À l’occasion du 63ᵉ anniversaire de la Fête de l’Indépendance et de la Jeunesse, le président de la République, M. Abdelmadjid Tebboune, après consultation du Conseil supérieur de la magistrature, a signé deux décrets présidentiels.

Selon un communiqué de la Présidence de la République publié ce vendredi 4 juillet, le premier décret porte sur des mesures de grâce concernant 6 500 détenus, et le second bénéficie aux détenus ayant obtenu des diplômes d’enseignement ou de formation pour la saison 2024-2025. Il couvre notamment 297 détenus ayant réussi l’examen du brevet d’enseignement moyen (BEM), en attendant les résultats du baccalauréat.

Sont exclus de cette grâce présidentielle les personnes condamnées définitivement pour avoir commis : des crimes de terrorisme et de massacre, meurtre et coups et blessures volontaires ayant entraîné la mort sans intention de la donner, coups et blessures volontaires ayant entraîné une infirmité permanente, atteinte aux ascendants ou aux mineurs, attentat à la pudeur et viol, enlèvement, traite des êtres humains ou des organes, incendie volontaire de biens, agression contre des agents ou des institutions de l’État, contre le personnel de santé, actes de sabotage ou destruction volontaire de biens publics.

La grâce exclut également les atteintes et complots contre l’autorité de l’État, l’intégrité et l’unité du territoire national, la trahison et l’espionnage, la falsification d’écrits publics ou officiels, l’usurpation de fonctions, de titres ou de noms, et leur usage abusif, les atteintes aux systèmes de traitement automatisé de données visant la défense nationale ou les institutions publiques.

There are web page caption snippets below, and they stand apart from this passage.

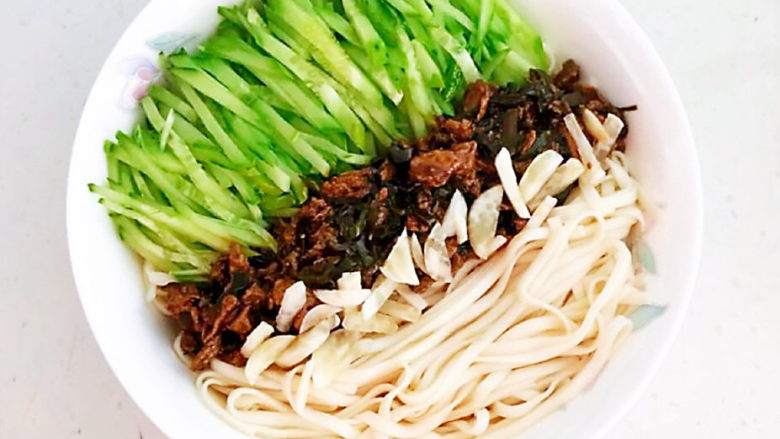 老北京炸酱面,加入瓜丝,蒜丝和鸡蛋酱即可,老北京炸酱面做好了,手擀面口感劲道,炸酱面风味独特~
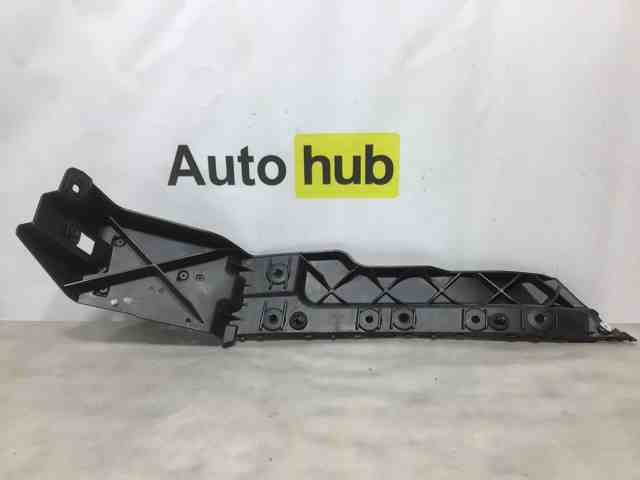 Напрямна заднього бампера, права LR055887 LAND ROVER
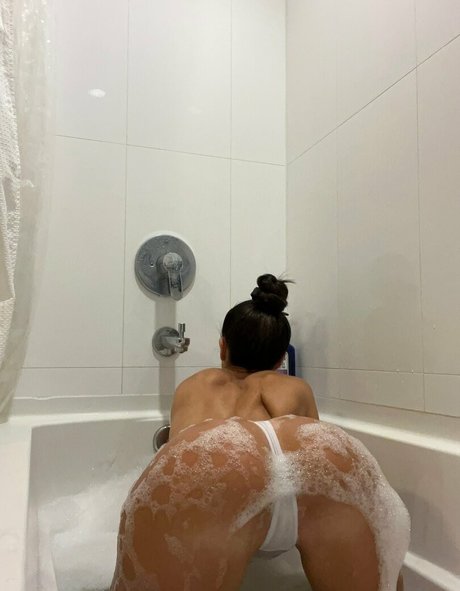 Ariella Moreno OnlyFans Bilder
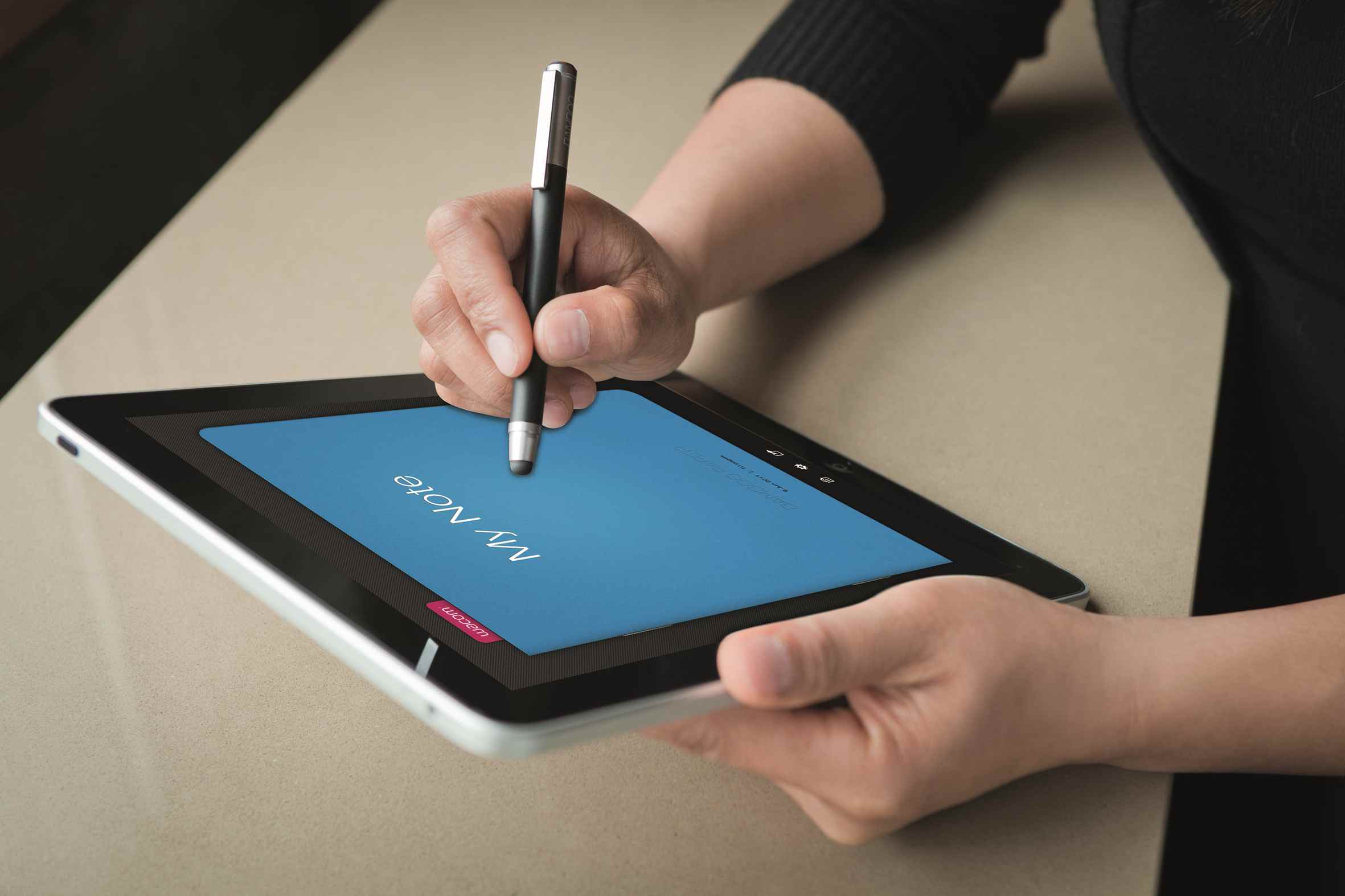 Wacom приложение. Стилус Wacom Bamboo. Wacom стилус для IPAD 2019. Стилус для планшета Xiaomi Redmi Pad 10.61. Планшет для рисования со стилусом.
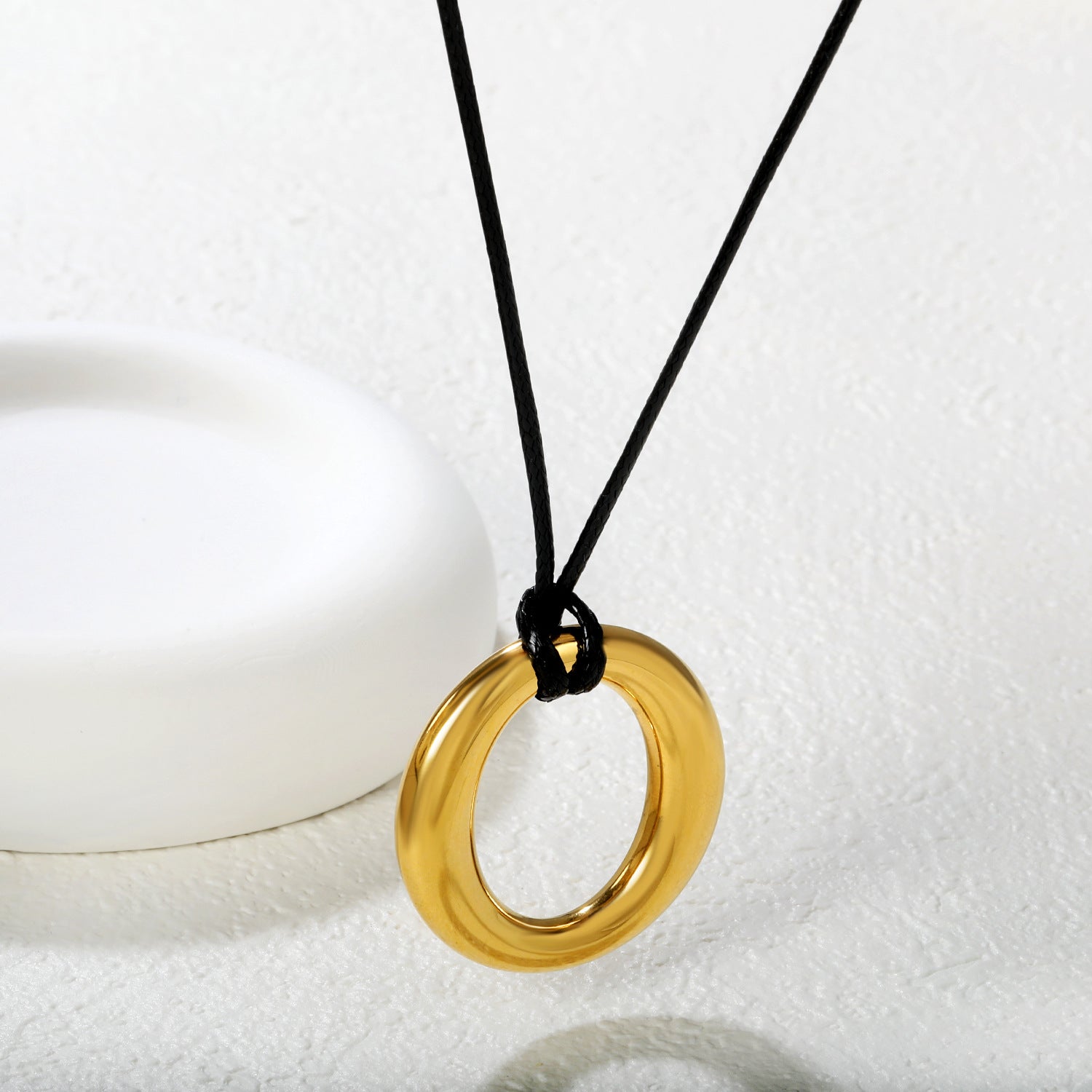 Damen Halskette mit schlichten, eleganten Ringanhänger aus hochwertigem Edelstahl Shop Nory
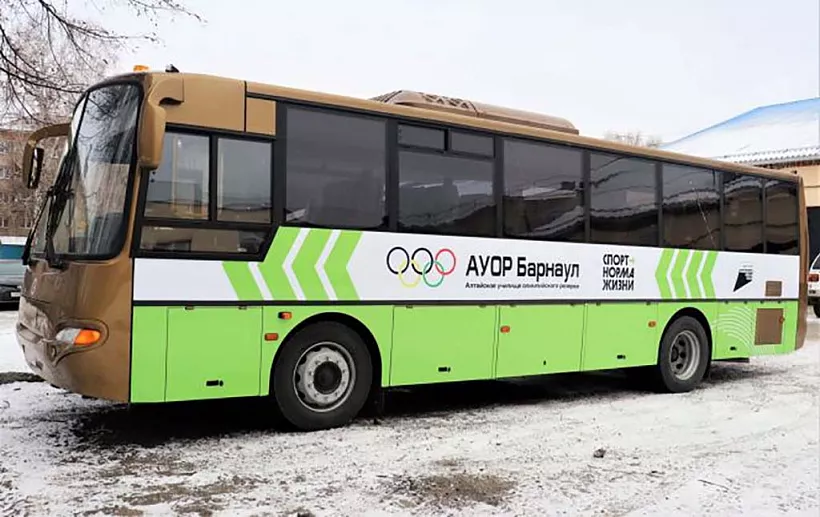 Спортшколы Алтайского края получили новые брендированные автобусы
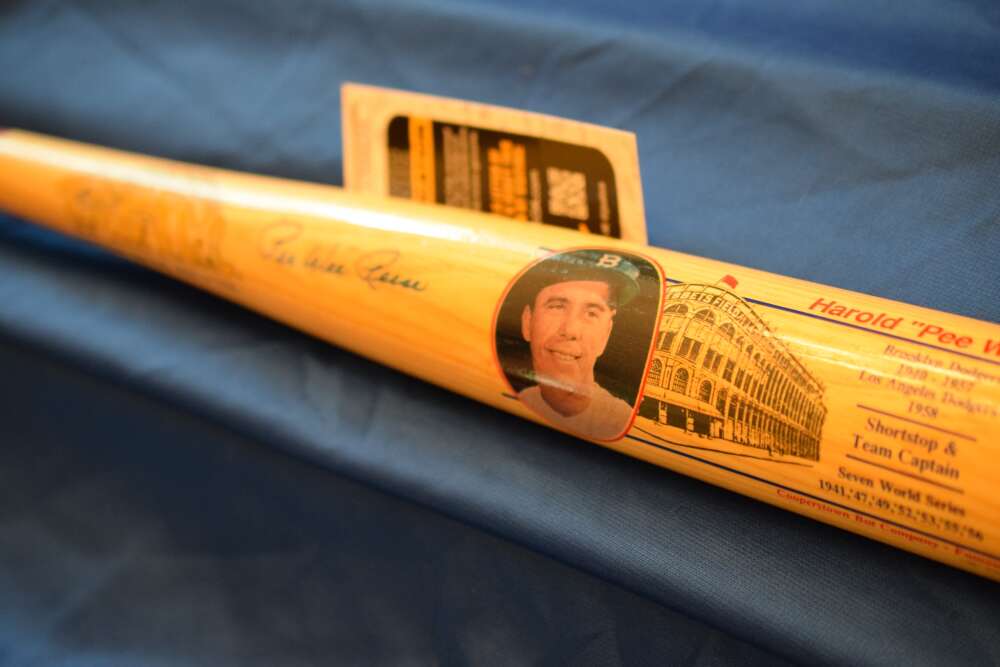 Pee Wee Reese JSA Coa Autograph Cooperstown Bat Signed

Les détenus ne bénéficient pas aussi de la grâce présidentielle s’ils sont impliqués dans la publication et la diffusion de nouvelles ou informations portant atteinte à l’ordre et à la sécurité publics, les crimes de discrimination et de discours de haine, les crimes de corruption, blanchiment d’argent, évasion fiscale, infractions de change et mouvements illicites de capitaux, la contrefaçon de monnaie, la contrebande, la spéculation illicite et la fraude dans la vente de marchandises, les délits et crimes liés à la constitution d’associations de malfaiteurs ou de bandes criminelles organisées, les vols avec effraction ou violence et les vols qualifiés, les crimes de trafic de migrants, les crimes liés aux stupéfiants, les crimes des bandes de quartiers, le rassemblement illégal et l’incitation à celui-ci, ainsi que certains crimes graves prévus par la loi sur l’organisation pénitentiaire.